The regulatory reforms that followed the financial crisis of 2007-09 created a financial system that is far more resilient than the one we had 15 years ago. Today, banks and some nonbanks face more rigorous capital and liquidity requirements. Improved collateral rules for market-making activities can dampen shocks. And, some institutions are subject to well-structured resolution regimes.

Yet, the events of March 2023 make clear that the system remains fragile. The progress thus far is simply not enough. What else needs to be done?

In a recent paper (Cecchetti and Schoenholtz 2023), we address this critical question. Our assessment of the banking system turmoil of 2023 leads us to several obvious conclusions, some of which clearly escaped both bank managers and their supervisors.

Perhaps the simplest and most significant is that banks can survive either risky assets or volatile funding, but not both. Another is that supervisors are willing to treat some banks as systemic in death, but not in life.

We also draw two compelling lessons from the recent supervisory and resolution debacles. First, a financial system which relies heavily on supervisory discretion is unlikely to prove resilient. Second, authorities with emergency powers to bail out intermediaries during a panic will always do so.

That is, policymakers are incapable of making credible commitments to impose losses on depositors and others. In our view, the only way to address this commitment problem is to prevent crises.

Based on our analysis, we develop a list of deficiencies in the current system. We then proceed to enumerate principles for making the regulatory framework more robust. Finally, we evaluate a series of proposed reform by asking whether they address the identified deficiencies and meet the principles.
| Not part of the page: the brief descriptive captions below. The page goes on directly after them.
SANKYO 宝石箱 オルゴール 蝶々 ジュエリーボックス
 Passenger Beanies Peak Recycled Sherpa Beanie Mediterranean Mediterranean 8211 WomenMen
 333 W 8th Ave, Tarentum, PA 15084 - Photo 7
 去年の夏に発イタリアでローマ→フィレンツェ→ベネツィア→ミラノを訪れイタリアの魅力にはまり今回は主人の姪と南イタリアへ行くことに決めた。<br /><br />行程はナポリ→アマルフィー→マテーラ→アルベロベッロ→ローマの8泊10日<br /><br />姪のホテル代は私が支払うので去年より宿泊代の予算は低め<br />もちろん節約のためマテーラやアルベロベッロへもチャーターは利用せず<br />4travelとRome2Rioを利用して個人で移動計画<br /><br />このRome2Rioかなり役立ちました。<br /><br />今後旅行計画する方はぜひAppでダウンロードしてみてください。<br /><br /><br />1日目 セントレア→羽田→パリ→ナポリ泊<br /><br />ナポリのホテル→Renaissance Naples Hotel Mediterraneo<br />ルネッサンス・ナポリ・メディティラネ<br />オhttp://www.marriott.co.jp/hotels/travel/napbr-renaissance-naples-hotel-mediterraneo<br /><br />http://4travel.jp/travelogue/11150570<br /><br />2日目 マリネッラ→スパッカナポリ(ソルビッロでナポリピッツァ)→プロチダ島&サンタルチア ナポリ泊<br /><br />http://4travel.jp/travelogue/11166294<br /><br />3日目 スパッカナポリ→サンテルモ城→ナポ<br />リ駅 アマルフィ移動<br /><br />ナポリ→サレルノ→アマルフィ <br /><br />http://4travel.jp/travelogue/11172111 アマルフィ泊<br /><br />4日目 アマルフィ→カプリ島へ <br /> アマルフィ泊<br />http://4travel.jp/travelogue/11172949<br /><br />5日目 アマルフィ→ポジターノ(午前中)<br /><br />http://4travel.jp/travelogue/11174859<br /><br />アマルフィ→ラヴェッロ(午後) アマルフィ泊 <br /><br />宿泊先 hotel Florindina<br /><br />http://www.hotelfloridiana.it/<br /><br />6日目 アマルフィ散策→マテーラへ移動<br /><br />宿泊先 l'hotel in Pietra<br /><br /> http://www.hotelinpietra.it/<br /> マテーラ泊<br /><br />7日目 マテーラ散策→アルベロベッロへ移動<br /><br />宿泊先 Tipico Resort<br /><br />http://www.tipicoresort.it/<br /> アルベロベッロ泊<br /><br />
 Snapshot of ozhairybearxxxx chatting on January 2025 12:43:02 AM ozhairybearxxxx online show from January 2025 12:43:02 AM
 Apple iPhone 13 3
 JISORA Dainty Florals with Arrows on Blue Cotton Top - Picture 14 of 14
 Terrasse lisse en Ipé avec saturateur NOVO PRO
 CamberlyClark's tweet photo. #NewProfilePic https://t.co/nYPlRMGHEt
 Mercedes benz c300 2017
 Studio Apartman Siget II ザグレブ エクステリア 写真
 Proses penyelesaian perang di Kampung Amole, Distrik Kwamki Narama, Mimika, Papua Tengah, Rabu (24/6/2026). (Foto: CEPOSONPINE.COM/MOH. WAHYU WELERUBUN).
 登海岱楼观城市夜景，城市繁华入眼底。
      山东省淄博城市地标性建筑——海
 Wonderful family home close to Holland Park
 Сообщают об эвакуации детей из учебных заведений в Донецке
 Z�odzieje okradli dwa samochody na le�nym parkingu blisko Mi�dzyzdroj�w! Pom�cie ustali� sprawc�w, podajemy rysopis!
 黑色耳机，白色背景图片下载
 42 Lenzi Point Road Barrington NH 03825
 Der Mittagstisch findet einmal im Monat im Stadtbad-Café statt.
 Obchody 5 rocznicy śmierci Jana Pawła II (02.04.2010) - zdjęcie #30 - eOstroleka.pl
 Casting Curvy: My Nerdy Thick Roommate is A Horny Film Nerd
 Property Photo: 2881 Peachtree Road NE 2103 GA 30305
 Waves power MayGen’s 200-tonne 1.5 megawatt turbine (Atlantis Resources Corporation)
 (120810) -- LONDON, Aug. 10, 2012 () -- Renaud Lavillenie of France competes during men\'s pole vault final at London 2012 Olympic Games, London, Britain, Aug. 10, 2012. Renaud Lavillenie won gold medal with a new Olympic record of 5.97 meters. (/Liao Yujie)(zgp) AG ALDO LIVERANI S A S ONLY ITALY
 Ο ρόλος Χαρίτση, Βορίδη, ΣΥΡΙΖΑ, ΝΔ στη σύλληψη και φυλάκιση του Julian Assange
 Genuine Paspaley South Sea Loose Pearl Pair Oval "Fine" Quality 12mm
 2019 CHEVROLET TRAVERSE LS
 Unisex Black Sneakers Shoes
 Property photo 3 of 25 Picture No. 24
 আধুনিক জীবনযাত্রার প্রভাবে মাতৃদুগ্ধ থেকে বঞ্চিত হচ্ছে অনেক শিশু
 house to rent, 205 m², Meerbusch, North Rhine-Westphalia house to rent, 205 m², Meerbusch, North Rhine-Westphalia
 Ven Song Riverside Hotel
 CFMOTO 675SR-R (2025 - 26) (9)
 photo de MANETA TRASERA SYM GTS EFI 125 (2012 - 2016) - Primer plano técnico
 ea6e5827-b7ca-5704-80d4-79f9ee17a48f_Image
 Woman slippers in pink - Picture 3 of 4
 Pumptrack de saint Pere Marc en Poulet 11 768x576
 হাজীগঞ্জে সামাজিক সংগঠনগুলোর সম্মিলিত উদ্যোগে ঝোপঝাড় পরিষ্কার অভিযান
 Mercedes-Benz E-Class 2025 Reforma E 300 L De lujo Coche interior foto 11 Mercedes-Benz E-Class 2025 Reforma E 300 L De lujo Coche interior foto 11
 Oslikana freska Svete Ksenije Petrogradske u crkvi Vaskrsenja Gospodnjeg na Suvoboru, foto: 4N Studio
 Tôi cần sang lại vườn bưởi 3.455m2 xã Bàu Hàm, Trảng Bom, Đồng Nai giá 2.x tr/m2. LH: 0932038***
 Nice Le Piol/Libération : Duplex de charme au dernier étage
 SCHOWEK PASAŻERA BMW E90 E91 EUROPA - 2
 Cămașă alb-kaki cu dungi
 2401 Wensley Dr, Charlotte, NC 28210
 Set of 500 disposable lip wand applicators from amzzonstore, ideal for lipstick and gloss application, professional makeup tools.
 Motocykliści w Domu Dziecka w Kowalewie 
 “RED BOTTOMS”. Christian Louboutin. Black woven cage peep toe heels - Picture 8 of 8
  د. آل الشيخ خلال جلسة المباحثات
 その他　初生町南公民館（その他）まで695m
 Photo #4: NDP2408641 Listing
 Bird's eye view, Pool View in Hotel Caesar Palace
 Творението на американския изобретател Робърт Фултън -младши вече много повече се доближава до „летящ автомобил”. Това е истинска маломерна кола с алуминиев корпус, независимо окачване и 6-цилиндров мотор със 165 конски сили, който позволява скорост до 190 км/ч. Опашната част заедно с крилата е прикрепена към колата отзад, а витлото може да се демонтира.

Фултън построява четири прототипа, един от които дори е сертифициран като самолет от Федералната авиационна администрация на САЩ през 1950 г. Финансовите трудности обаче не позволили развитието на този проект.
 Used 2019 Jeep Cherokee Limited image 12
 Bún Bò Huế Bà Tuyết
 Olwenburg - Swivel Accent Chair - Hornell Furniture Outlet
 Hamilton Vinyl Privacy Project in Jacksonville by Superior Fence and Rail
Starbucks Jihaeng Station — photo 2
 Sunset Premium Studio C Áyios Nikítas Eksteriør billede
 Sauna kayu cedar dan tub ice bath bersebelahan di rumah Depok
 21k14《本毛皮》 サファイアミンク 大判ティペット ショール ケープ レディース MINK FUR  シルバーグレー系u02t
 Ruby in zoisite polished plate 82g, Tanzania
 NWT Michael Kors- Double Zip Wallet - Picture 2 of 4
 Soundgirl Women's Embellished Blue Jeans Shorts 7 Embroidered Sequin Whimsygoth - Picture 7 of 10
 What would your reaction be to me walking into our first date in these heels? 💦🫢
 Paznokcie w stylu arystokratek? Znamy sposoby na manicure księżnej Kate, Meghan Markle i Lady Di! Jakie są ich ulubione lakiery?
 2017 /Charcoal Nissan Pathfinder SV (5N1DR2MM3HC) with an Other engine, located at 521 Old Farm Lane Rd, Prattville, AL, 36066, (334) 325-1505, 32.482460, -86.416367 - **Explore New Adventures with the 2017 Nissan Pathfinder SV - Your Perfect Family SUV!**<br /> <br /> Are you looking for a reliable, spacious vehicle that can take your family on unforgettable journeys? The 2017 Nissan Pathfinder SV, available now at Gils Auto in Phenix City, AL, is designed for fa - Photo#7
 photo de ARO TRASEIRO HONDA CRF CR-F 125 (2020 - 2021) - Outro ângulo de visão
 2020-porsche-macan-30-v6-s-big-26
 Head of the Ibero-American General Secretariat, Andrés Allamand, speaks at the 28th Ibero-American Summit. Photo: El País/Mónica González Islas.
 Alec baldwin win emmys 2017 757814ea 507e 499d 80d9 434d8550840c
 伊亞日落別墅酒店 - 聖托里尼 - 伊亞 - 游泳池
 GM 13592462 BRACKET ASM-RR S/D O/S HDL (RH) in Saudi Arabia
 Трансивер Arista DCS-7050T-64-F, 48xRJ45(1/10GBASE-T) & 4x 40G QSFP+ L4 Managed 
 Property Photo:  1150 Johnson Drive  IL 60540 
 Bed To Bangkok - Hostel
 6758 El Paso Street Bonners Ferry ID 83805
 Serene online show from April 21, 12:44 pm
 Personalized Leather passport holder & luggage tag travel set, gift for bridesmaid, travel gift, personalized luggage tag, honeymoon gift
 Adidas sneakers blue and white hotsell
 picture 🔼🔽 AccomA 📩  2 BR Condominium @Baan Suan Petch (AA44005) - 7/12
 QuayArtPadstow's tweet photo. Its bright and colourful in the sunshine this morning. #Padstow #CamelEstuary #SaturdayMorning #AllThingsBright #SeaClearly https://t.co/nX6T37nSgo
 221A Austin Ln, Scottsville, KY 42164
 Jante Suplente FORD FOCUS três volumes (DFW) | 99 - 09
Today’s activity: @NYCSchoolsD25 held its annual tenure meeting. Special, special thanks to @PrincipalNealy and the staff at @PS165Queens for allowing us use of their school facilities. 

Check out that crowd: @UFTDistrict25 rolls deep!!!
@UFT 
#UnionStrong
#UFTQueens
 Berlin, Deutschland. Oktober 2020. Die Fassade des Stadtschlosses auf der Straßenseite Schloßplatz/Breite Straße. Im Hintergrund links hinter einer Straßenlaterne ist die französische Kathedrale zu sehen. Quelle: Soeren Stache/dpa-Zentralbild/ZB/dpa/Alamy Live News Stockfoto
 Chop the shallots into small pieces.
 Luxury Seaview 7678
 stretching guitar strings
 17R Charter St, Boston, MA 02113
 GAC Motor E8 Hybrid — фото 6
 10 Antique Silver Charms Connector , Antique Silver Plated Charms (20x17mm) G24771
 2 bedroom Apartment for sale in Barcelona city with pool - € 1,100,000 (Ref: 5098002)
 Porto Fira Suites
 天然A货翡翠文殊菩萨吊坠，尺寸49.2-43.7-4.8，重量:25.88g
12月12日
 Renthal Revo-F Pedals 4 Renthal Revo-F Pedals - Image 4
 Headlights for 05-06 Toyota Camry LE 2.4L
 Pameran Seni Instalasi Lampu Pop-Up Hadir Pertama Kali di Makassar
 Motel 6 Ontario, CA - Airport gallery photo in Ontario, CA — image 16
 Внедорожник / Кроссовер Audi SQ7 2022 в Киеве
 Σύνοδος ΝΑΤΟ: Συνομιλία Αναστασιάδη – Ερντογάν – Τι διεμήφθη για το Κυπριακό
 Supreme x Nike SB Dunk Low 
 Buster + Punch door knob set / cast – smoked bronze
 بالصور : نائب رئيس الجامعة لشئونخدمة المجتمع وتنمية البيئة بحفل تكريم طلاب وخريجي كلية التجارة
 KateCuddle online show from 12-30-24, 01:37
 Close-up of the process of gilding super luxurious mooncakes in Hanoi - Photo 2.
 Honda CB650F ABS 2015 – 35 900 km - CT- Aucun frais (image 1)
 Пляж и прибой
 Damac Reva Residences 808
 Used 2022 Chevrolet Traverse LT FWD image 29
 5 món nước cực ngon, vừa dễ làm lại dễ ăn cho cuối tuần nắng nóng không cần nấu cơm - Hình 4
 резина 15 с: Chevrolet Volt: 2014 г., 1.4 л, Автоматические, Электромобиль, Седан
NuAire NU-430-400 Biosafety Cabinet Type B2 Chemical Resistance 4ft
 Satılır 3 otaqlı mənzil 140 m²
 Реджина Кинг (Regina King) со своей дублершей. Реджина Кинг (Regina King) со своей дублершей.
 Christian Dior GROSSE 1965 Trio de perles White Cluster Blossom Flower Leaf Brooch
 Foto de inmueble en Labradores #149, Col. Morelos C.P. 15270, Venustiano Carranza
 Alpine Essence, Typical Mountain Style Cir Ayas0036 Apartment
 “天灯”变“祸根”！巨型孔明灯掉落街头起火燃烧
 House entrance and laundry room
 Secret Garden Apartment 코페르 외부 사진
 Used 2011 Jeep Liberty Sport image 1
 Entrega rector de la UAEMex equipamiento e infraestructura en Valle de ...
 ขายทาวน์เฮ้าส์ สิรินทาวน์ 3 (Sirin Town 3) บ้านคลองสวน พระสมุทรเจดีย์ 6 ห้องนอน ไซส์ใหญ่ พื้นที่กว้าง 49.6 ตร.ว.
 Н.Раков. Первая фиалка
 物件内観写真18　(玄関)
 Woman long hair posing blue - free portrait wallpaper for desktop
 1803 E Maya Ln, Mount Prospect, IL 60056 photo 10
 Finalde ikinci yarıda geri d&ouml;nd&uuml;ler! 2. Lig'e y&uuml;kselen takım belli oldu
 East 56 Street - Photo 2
In this column, we summarise the existing deficiencies, the principles for reform, and our evaluation of some specific proposals for making the financial system more robust. To anticipate our recommendations, which are similar to those of Admati et al (2023) and Acharya et al (2023), we argue that authorities should:

1. significantly increase capital requirements

2. strengthen and simplify liquidity requirements

3. shift to mark-to-market accounting

4. improve the transparency, flexibility and severity of capital and liquidity stress tests.

Deficiencies of the current system

Starting with the system’s inadequacies, first and foremost, as we saw yet again, uninsured deposits are prone to runs. Moreover, due to advances in communications and technology, a run can now overwhelm a bank within hours, transforming almost immediately into a system-wide panic.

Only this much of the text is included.